Each line from the line that includes "Gembird USB Bluetooth" through the end of the material below must be transcribed exactly, with no other lines.

(EXERCISE MATERIALS begins)

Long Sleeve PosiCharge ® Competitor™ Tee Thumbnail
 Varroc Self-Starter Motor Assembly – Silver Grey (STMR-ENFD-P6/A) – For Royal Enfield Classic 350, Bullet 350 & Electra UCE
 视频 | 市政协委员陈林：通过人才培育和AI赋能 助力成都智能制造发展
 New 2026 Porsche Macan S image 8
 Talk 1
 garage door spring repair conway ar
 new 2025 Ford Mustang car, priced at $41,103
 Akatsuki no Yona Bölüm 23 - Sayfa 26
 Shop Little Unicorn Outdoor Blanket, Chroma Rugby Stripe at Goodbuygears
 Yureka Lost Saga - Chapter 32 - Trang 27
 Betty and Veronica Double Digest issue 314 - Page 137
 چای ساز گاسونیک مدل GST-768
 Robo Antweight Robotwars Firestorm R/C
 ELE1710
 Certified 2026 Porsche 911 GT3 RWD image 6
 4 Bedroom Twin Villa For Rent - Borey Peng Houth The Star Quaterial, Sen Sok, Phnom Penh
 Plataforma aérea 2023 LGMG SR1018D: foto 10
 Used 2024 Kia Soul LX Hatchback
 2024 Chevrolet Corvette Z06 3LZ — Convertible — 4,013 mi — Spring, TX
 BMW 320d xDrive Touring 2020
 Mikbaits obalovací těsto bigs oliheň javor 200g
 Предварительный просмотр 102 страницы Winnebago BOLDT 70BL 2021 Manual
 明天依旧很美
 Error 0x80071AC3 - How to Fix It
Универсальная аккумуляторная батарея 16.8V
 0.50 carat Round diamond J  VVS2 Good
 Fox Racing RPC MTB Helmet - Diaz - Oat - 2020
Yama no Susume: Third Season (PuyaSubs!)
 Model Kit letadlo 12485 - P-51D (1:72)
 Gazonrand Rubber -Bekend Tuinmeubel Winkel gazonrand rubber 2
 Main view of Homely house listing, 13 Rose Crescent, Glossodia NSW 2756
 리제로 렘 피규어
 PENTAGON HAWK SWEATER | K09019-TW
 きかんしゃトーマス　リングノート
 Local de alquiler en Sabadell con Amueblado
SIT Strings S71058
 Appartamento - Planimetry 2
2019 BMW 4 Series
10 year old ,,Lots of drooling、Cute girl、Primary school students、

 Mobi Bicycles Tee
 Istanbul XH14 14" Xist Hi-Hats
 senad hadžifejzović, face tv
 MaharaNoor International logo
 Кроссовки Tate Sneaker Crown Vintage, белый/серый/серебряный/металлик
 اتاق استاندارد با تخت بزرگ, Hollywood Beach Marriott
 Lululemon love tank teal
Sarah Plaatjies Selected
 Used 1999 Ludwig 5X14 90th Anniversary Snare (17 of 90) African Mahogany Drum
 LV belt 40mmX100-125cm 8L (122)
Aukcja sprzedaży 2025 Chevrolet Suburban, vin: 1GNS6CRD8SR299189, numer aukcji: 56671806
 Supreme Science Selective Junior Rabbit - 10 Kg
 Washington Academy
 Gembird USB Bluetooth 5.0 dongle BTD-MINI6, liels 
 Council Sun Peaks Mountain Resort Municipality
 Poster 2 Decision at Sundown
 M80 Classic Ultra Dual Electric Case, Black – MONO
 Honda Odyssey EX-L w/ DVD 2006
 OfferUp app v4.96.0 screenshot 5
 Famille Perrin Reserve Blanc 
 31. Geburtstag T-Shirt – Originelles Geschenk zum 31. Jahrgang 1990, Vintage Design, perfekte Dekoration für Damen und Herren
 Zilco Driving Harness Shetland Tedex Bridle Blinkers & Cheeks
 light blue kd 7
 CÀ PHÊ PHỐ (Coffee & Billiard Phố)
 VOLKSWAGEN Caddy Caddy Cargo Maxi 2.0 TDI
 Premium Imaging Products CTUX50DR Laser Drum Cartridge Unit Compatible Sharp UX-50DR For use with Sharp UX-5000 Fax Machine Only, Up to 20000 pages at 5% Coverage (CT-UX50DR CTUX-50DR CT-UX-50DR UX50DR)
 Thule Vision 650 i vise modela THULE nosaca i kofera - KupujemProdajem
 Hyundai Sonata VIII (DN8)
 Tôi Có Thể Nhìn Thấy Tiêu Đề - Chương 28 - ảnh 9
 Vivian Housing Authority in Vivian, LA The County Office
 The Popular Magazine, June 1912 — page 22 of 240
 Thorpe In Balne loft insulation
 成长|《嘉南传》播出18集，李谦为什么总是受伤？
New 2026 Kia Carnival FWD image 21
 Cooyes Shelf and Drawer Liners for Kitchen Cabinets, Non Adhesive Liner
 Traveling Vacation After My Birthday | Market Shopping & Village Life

(EXERCISE MATERIALS ends)

#### ANSWER TO THIS EXERCISE:
 Gembird USB Bluetooth 5.0 dongle BTD-MINI6, liels 
 Council Sun Peaks Mountain Resort Municipality
 Poster 2 Decision at Sundown
 M80 Classic Ultra Dual Electric Case, Black – MONO
 Honda Odyssey EX-L w/ DVD 2006
 OfferUp app v4.96.0 screenshot 5
 Famille Perrin Reserve Blanc 
 31. Geburtstag T-Shirt – Originelles Geschenk zum 31. Jahrgang 1990, Vintage Design, perfekte Dekoration für Damen und Herren
 Zilco Driving Harness Shetland Tedex Bridle Blinkers & Cheeks
 light blue kd 7
 CÀ PHÊ PHỐ (Coffee & Billiard Phố)
 VOLKSWAGEN Caddy Caddy Cargo Maxi 2.0 TDI
 Premium Imaging Products CTUX50DR Laser Drum Cartridge Unit Compatible Sharp UX-50DR For use with Sharp UX-5000 Fax Machine Only, Up to 20000 pages at 5% Coverage (CT-UX50DR CTUX-50DR CT-UX-50DR UX50DR)
 Thule Vision 650 i vise modela THULE nosaca i kofera - KupujemProdajem
 Hyundai Sonata VIII (DN8)
 Tôi Có Thể Nhìn Thấy Tiêu Đề - Chương 28 - ảnh 9
 Vivian Housing Authority in Vivian, LA The County Office
 The Popular Magazine, June 1912 — page 22 of 240
 Thorpe In Balne loft insulation
 成长|《嘉南传》播出18集，李谦为什么总是受伤？
New 2026 Kia Carnival FWD image 21
 Cooyes Shelf and Drawer Liners for Kitchen Cabinets, Non Adhesive Liner
 Traveling Vacation After My Birthday | Market Shopping & Village Life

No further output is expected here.